(RECORDS SUPPLIED)
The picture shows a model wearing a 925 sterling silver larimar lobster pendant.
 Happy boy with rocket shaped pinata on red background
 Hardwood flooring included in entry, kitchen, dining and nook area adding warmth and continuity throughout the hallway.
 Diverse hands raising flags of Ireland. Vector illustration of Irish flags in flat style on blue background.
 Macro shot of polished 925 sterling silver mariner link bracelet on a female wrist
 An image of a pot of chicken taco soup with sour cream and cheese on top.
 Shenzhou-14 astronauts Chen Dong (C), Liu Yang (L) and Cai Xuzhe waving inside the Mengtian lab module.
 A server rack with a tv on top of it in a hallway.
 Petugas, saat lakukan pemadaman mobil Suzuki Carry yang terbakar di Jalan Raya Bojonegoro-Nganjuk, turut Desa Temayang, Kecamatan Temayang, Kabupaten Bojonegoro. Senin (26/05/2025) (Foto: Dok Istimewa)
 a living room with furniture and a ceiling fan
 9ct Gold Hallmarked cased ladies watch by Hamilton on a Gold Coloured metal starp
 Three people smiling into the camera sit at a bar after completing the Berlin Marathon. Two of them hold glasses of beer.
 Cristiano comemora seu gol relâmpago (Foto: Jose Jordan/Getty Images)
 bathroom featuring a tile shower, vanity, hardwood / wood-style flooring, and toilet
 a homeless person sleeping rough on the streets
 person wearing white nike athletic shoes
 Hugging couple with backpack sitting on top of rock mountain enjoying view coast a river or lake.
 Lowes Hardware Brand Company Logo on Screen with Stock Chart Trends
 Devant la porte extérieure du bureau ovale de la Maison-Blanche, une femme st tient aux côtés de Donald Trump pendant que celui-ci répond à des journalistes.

(PROBLEM)
Repeat exactly, and only, the run of lines from the start of the material above through the line that holds "A server rack".

(TASK RESULT)
The picture shows a model wearing a 925 sterling silver larimar lobster pendant.
 Happy boy with rocket shaped pinata on red background
 Hardwood flooring included in entry, kitchen, dining and nook area adding warmth and continuity throughout the hallway.
 Diverse hands raising flags of Ireland. Vector illustration of Irish flags in flat style on blue background.
 Macro shot of polished 925 sterling silver mariner link bracelet on a female wrist
 An image of a pot of chicken taco soup with sour cream and cheese on top.
 Shenzhou-14 astronauts Chen Dong (C), Liu Yang (L) and Cai Xuzhe waving inside the Mengtian lab module.
 A server rack with a tv on top of it in a hallway.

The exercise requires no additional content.